It noted that: “Deep learning is a rapidly evolving topic, and the computational complexity of typical deep neural networks impedes their execution on resource‑scarce mobile or wearable devices.
“Last year, several innovative solutions were introduced to enhance throughput and improve energy efficiency, mostly focusing on the efficiency of convolutional neural networks,” it said.
“The current state-of-the-art still faces two significant challenges: a need to improve energy efficiency for ultra‑low power applications; and finding solutions for efficient execution of fully connected non‑convolutional networks.
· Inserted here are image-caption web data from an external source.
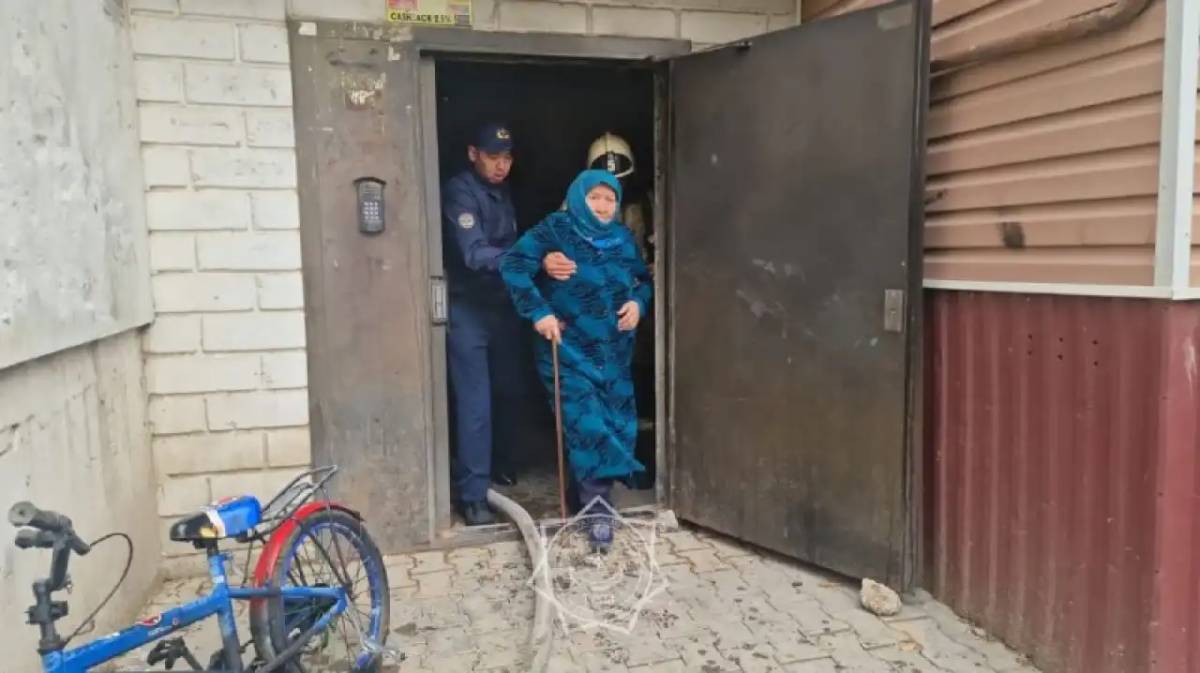 ТЖД қызметкерлері өрттен 10 адамды эвакуациялады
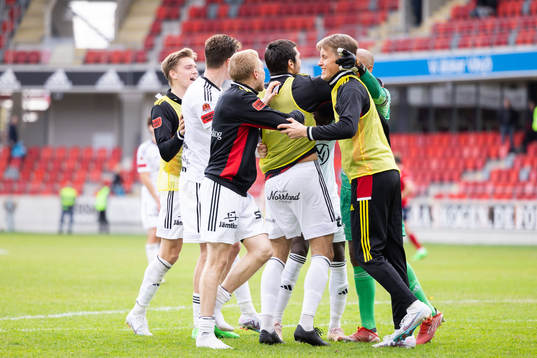 Östersunds spelare jublar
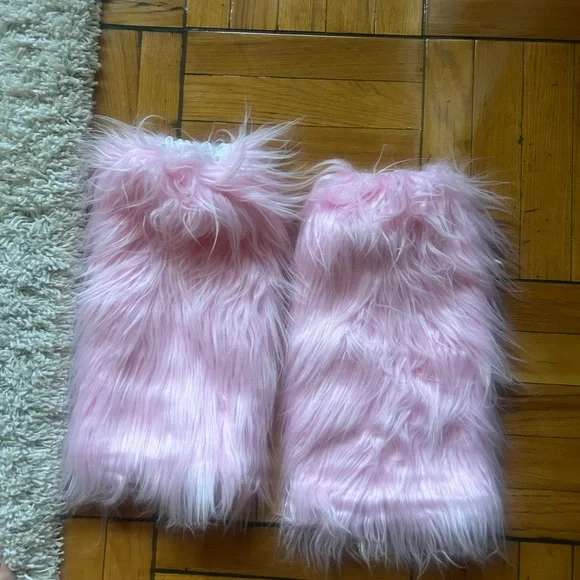 Pink Labubu Costume Set - Picture 3 of 5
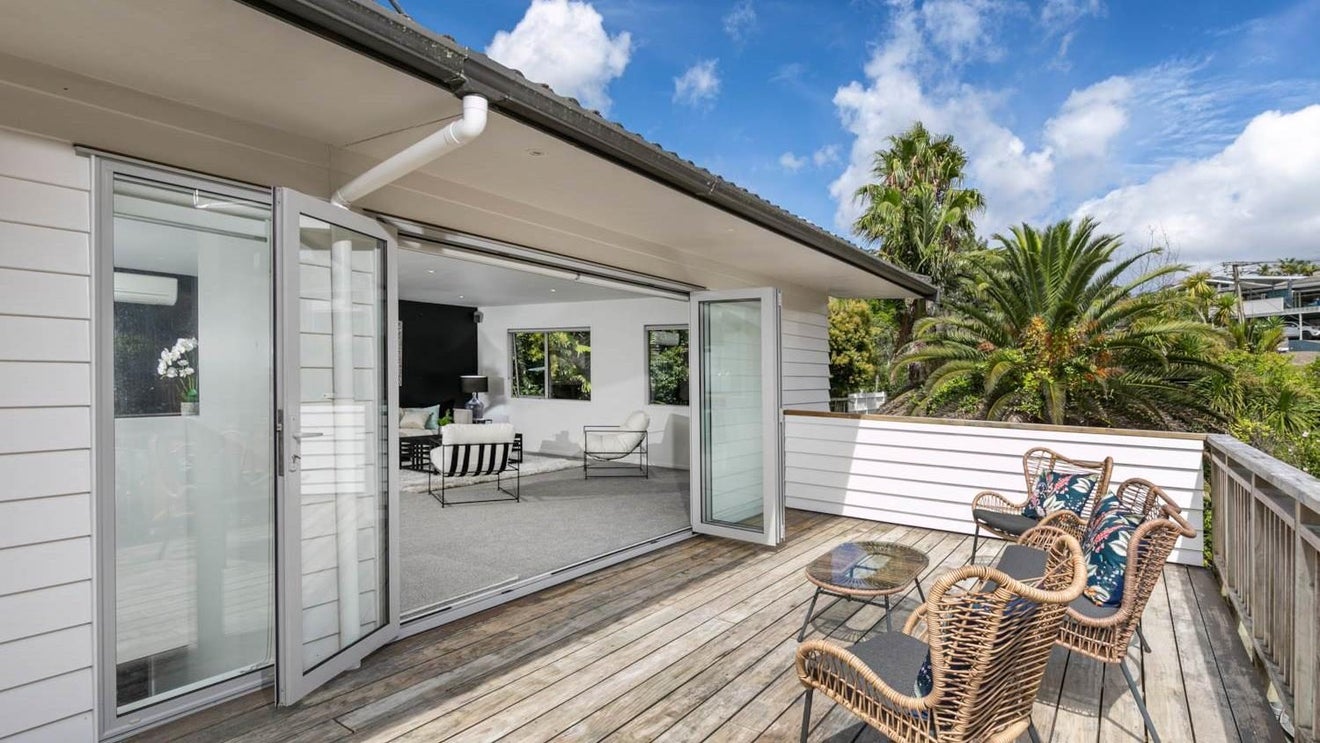 24 Korotaha Terrace, Rothesay Bay, Auckland - Carousel 1
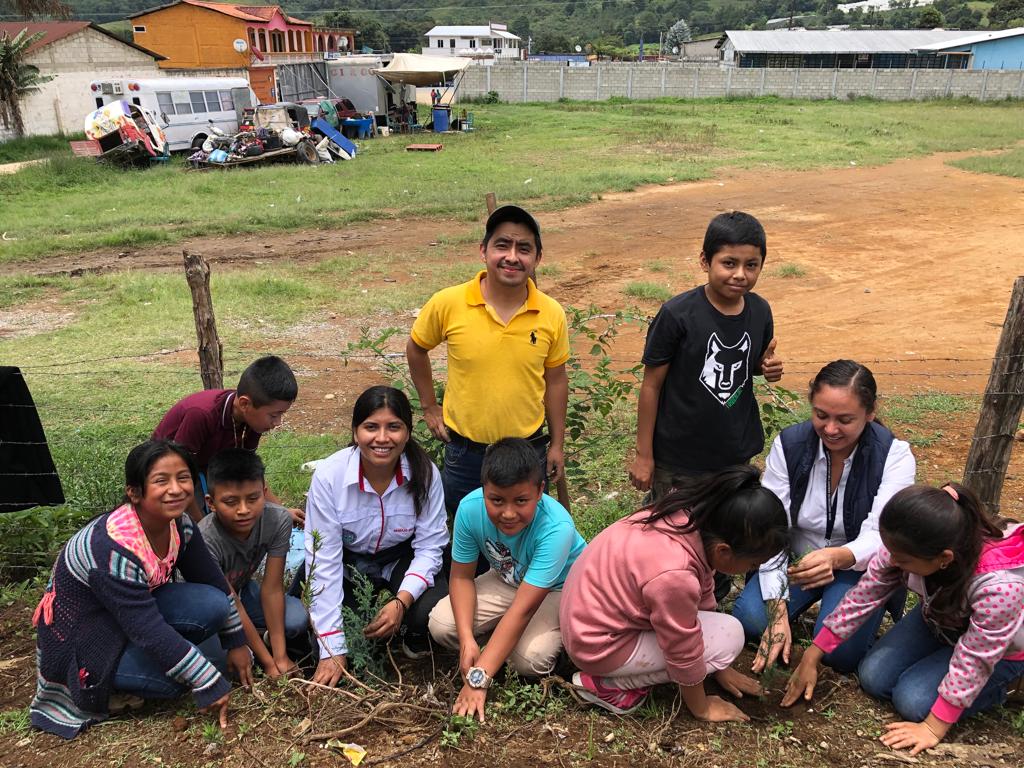 Delegación de Baja Verapaz refuerza educación ambiental de estudiantes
To improve energy efficiency, there is a trend towards reduced-precision networks, with binary networks as the extreme case – recently, the first binary neural‑network accelerator has appeared.”
ISSCC 2018 pushes peak efficiency to several tens of Top/s/W in digital accelerators, and beyond hundreds of Top/s/W for a mixed-signal implementation.
Several papers treat energy efficiency of fully‑connected‑network acceleration. In such networks, the bottleneck is the memory load/stores, and as such, innovative solutions include the fabrication of a 3D stack of processing and memory dies, as well as smart-memory interfaces enhancing data re-use.
In the Quest chip revealed at ISSCC, Japanese researchers stacked eight die to get 96Mbyte of ram within easy reach of a deep neural network, through inductive wireless die-to-die coupling
These innovations bring deep neural networks within reach of battery operated devices.
The IEEE’s annual International Solid-State Circuits Conference is the place where the world’s companies and universities gather to show off their chip-based circuit developments, and where attending engineers get a first glimpse of the state-of-the‑art in digital, analogue, power and RF design techniques.